▼
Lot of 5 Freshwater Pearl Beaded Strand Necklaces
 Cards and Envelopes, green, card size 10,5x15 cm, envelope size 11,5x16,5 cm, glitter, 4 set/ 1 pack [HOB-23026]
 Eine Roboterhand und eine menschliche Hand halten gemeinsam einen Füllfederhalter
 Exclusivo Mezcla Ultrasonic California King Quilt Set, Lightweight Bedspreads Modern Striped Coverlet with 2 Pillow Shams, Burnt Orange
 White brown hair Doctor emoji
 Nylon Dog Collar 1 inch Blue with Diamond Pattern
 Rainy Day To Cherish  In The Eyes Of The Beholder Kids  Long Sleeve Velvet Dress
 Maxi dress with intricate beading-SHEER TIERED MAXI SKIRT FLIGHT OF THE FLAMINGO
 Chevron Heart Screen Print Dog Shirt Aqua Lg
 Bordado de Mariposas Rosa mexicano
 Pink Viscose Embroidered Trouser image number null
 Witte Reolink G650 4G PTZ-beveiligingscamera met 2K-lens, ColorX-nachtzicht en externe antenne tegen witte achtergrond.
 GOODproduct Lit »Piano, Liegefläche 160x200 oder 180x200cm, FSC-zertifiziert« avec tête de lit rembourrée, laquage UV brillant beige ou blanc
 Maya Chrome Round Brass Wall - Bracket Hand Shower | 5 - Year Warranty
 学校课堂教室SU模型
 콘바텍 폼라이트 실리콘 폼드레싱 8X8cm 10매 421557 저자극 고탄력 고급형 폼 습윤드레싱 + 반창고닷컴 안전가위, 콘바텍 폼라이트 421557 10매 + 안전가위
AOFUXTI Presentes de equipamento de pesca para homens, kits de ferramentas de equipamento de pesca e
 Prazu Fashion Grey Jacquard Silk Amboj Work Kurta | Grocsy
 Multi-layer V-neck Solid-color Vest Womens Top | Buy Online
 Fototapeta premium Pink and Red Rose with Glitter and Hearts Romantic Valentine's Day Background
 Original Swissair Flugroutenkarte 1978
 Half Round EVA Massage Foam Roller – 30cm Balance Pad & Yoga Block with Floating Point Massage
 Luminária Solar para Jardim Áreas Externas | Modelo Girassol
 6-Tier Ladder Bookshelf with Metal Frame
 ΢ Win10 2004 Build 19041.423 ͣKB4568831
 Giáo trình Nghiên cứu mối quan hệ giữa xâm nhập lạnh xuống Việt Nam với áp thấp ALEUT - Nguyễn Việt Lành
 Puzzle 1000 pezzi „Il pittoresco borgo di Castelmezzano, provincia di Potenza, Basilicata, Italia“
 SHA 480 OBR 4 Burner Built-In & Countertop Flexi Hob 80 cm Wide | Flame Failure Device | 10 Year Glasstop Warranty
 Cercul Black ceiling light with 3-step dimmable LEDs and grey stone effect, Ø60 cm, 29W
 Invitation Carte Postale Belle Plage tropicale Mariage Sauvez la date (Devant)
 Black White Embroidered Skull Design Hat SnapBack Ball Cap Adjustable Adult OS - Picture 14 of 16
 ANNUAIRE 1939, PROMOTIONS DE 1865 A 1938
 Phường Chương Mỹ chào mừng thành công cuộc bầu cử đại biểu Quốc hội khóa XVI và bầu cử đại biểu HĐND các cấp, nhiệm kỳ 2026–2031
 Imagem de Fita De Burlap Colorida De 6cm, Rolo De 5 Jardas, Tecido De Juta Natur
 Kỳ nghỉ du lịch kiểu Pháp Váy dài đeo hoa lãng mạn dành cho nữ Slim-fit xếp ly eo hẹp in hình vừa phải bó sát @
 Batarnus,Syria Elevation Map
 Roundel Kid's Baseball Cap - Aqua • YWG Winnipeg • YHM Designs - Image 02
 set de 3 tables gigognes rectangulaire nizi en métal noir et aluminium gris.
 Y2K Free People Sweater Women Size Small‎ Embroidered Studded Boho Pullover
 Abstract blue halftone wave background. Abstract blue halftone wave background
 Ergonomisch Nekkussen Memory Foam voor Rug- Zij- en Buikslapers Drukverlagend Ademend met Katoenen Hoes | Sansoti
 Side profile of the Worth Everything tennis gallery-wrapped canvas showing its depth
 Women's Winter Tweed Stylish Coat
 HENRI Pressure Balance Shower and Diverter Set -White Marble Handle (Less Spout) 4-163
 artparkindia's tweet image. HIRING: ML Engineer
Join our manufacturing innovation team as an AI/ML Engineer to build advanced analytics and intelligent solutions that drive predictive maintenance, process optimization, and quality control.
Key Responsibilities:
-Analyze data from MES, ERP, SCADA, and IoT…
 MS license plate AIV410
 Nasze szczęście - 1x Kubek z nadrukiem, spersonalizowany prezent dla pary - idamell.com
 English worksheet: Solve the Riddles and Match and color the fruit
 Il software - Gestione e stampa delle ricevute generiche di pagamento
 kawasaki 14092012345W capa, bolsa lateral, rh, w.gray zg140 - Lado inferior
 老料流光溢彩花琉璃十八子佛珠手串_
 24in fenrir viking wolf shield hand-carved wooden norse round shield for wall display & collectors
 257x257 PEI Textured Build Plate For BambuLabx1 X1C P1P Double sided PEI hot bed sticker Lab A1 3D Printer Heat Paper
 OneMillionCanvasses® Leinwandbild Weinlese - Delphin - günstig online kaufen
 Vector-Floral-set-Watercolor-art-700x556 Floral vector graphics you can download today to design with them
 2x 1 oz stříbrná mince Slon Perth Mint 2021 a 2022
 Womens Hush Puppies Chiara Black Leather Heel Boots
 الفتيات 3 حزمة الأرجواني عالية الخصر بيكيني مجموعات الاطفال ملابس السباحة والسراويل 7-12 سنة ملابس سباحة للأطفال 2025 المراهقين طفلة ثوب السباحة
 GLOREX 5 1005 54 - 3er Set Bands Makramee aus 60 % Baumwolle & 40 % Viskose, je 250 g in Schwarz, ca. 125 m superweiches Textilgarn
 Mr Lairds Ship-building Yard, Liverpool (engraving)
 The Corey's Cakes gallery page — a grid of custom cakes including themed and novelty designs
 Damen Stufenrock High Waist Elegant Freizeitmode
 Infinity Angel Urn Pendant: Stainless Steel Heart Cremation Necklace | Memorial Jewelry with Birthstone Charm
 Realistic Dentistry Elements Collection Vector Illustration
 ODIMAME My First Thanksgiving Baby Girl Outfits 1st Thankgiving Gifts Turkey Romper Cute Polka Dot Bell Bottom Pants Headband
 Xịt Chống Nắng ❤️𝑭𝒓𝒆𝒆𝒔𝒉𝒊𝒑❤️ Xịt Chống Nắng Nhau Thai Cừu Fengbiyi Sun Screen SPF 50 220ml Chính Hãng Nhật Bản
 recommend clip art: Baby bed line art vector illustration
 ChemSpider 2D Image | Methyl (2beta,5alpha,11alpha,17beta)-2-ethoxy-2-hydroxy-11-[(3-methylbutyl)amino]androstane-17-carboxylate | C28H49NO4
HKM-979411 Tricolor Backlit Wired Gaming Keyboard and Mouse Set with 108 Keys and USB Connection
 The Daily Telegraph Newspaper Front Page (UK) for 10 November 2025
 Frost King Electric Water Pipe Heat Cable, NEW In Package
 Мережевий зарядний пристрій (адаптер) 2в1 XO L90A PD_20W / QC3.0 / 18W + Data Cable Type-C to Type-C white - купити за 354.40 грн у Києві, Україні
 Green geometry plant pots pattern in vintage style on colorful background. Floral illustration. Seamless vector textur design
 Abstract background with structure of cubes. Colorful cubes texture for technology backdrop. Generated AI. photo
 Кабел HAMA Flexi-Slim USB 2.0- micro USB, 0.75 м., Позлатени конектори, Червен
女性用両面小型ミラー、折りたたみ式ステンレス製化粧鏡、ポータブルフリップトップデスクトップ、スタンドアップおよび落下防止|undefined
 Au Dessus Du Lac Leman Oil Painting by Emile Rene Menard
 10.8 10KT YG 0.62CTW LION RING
▲
> WHAT TO DO:
From the entries above, give again exactly the lines running from the line with "الفتيات 3 حزمة" to the line with "Мережевий зарядний пристрій"; include both of those lines.

> ANSWER TO THIS PROBLEM:
 الفتيات 3 حزمة الأرجواني عالية الخصر بيكيني مجموعات الاطفال ملابس السباحة والسراويل 7-12 سنة ملابس سباحة للأطفال 2025 المراهقين طفلة ثوب السباحة
 GLOREX 5 1005 54 - 3er Set Bands Makramee aus 60 % Baumwolle & 40 % Viskose, je 250 g in Schwarz, ca. 125 m superweiches Textilgarn
 Mr Lairds Ship-building Yard, Liverpool (engraving)
 The Corey's Cakes gallery page — a grid of custom cakes including themed and novelty designs
 Damen Stufenrock High Waist Elegant Freizeitmode
 Infinity Angel Urn Pendant: Stainless Steel Heart Cremation Necklace | Memorial Jewelry with Birthstone Charm
 Realistic Dentistry Elements Collection Vector Illustration
 ODIMAME My First Thanksgiving Baby Girl Outfits 1st Thankgiving Gifts Turkey Romper Cute Polka Dot Bell Bottom Pants Headband
 Xịt Chống Nắng ❤️𝑭𝒓𝒆𝒆𝒔𝒉𝒊𝒑❤️ Xịt Chống Nắng Nhau Thai Cừu Fengbiyi Sun Screen SPF 50 220ml Chính Hãng Nhật Bản
 recommend clip art: Baby bed line art vector illustration
 ChemSpider 2D Image | Methyl (2beta,5alpha,11alpha,17beta)-2-ethoxy-2-hydroxy-11-[(3-methylbutyl)amino]androstane-17-carboxylate | C28H49NO4
HKM-979411 Tricolor Backlit Wired Gaming Keyboard and Mouse Set with 108 Keys and USB Connection
 The Daily Telegraph Newspaper Front Page (UK) for 10 November 2025
 Frost King Electric Water Pipe Heat Cable, NEW In Package
 Мережевий зарядний пристрій (адаптер) 2в1 XO L90A PD_20W / QC3.0 / 18W + Data Cable Type-C to Type-C white - купити за 354.40 грн у Києві, Україні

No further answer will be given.